Materials provided:
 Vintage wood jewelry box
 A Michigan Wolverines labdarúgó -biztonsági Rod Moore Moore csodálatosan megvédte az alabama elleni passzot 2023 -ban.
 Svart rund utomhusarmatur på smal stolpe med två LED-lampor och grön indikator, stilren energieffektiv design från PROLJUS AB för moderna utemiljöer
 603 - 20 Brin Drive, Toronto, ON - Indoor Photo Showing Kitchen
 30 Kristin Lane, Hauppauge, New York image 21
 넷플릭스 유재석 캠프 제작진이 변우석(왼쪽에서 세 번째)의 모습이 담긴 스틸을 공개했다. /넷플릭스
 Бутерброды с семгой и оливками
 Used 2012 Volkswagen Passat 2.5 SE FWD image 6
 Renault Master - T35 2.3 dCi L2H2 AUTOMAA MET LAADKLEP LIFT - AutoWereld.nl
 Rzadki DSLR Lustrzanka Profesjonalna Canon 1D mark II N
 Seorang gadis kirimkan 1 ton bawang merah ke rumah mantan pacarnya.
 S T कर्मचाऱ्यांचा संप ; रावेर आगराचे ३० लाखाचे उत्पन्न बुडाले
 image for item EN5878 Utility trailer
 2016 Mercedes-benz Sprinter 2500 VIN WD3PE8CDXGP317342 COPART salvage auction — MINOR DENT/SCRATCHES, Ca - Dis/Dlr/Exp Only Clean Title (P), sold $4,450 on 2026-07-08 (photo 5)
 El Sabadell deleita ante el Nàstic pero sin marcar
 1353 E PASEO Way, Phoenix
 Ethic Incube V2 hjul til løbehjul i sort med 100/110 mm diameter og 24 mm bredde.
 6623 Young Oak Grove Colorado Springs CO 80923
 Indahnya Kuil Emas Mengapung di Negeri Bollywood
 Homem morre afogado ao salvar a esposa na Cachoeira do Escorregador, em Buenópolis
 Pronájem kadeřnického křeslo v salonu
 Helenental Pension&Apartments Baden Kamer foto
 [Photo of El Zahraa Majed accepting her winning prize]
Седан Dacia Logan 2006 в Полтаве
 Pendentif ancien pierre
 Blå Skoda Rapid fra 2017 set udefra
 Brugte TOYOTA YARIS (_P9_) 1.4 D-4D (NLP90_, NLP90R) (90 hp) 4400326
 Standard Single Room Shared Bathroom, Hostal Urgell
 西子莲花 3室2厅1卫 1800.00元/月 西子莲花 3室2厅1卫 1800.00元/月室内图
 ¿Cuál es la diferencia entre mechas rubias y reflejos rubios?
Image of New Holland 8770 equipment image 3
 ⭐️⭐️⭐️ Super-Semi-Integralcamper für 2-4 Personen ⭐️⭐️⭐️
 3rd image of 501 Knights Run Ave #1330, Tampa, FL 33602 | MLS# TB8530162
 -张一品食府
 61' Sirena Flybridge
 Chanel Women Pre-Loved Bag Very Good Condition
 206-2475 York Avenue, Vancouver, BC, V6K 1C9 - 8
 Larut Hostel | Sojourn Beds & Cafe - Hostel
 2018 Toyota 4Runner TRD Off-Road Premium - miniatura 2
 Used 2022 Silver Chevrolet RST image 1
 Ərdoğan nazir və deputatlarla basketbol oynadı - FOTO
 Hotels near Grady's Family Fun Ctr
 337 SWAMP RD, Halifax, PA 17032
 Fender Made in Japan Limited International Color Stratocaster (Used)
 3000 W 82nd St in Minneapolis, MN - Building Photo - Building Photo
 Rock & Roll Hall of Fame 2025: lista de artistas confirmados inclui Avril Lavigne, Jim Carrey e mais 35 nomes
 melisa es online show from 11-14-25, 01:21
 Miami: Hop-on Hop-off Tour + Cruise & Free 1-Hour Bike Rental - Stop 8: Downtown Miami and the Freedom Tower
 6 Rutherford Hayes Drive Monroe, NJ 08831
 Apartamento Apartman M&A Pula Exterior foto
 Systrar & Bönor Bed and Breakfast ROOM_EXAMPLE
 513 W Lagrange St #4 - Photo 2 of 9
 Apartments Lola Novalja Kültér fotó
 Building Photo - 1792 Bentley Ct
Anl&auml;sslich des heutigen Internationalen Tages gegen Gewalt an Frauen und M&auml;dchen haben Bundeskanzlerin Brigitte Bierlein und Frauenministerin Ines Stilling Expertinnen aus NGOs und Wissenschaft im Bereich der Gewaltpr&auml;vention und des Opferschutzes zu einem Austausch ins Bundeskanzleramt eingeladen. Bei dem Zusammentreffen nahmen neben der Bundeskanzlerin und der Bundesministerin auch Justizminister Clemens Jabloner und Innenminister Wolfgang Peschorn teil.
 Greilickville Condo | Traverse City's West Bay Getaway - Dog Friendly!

Your objective: Copy out precisely the lines from the line with "Ethic Incube V2" to the line with "Pronájem kadeřnického křeslo v salonu" in the material above, including those two lines and omitting all the rest.

Your solution:
 Ethic Incube V2 hjul til løbehjul i sort med 100/110 mm diameter og 24 mm bredde.
 6623 Young Oak Grove Colorado Springs CO 80923
 Indahnya Kuil Emas Mengapung di Negeri Bollywood
 Homem morre afogado ao salvar a esposa na Cachoeira do Escorregador, em Buenópolis
 Pronájem kadeřnického křeslo v salonu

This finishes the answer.